Last Resort’s recommended dinner: Pork shoulder stuffed with chorizo and spices.

Dessert
Condor Chocolates
1658 S. Lumpkin St.
Peter Dale ABJ ’99 and Nick Dale BS ’04

For brothers Nick and Peter Dale, Condor Chocolates is a labor of love. Or, more accurately, a love letter to their family.

Their mother, Beatriz, is from Ecuador, and when the Dales decided to open their craft chocolate shop in Five Points, it only made sense to use Ecuadorean cacao, a product that’s as essential to the nation’s identity as the peach is to Georgia.

Named for the national bird of Ecuador, Condor is a bean-to-bar shop. Every step in the process is managed by the chocolate maker. For instance, during the Dales’ frequent trips to Ecuador, they mix family time with visits to the farmers who grow their beans. For the super-curious, the entire bean to bar process is illustrated on the shop’s wall. It’s a more expensive process that leads to a higher quality product.

“There aren’t a lot of places that can support a bean-to-bar café,” Peter says. “But the Athens community has been wonderful. With bean-to-bar, the chocolate is delicious, and it supports the farmers too.”

The Dales originally made all their chocolate at the café, but the 2016 opening of their factory on Chase Street changed everything. “The factory lets us grow a bit more,” Nick says. Previously, it was not uncommon for the Dales to store more than a ton of cacao beans in the corner of their Five Points store. “It also gives us the freedom to do some small batch, limited edition products.” One of their more recent creations was a dark chocolate bar flavored with cayenne pepper.
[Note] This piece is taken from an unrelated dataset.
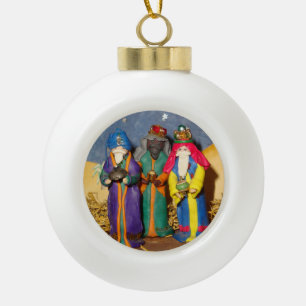 Drei Könige, die Geschenke für Baby Keramik Kugel-Ornament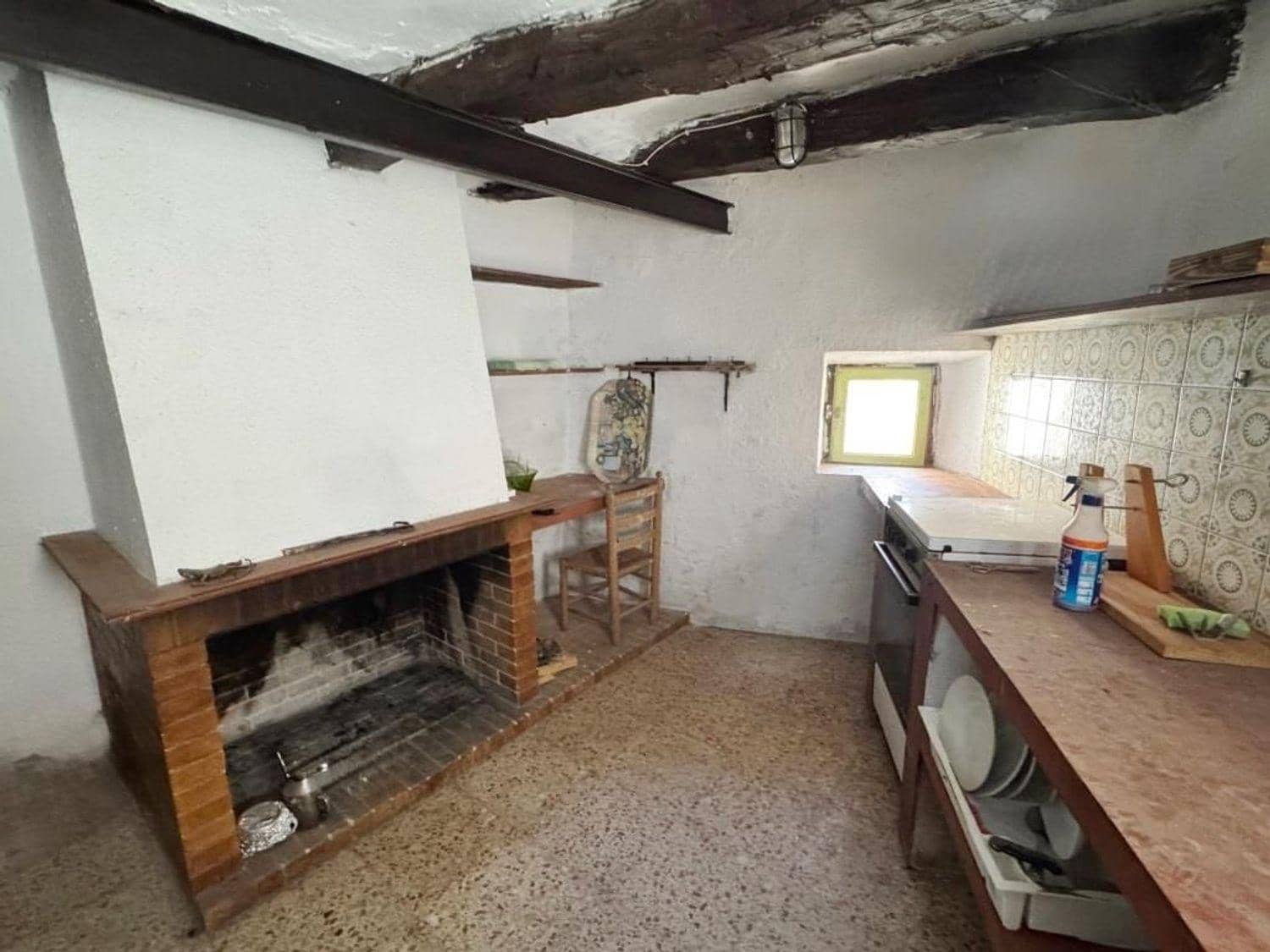 Byhus til salg i Fornoles - € 55.000 (Ref: 10124601)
The Dales grew up on the UGA campus. Their father, Nicholas, was a professor in the Department of Poultry Science before he retired. Peter graduated from Grady, where he learned how to challenge himself. It’s an important quality that’s helped him build one of the most impressive restaurant portfolios in the Southeast (see box). Condor represents Peter’s first partnership with his brother, and the mix of their personalities and interests makes for an ideal twosome.

Nick, who handles Condor’s day-to-day operations, earned a degree in agricultural economics from the College of Agriculture and Environmental Sciences. He loves tinkering with machinery and has developed some highly sensitive taste buds over the years.

“It’s always fun to see what restaurants or breweries do with our product,” he says, adding that Condor supplies cocoa nibs and other products for a variety of Athens-made products ranging from desserts to chocolate stouts. “I’m always seeing if I can taste the flavor notes of the chocolate they are using. I’m in the 1 percent of chocolate tasters who are really nerdy about it,” he laughs.

The Dales’ recommended dessert: The sipping chocolate. “It’s based on a Spanish hot cocoa recipe.” Nick says. “It’s thick and served in an espresso cup with housemade marshmallows on top. Perfect on a cool night.”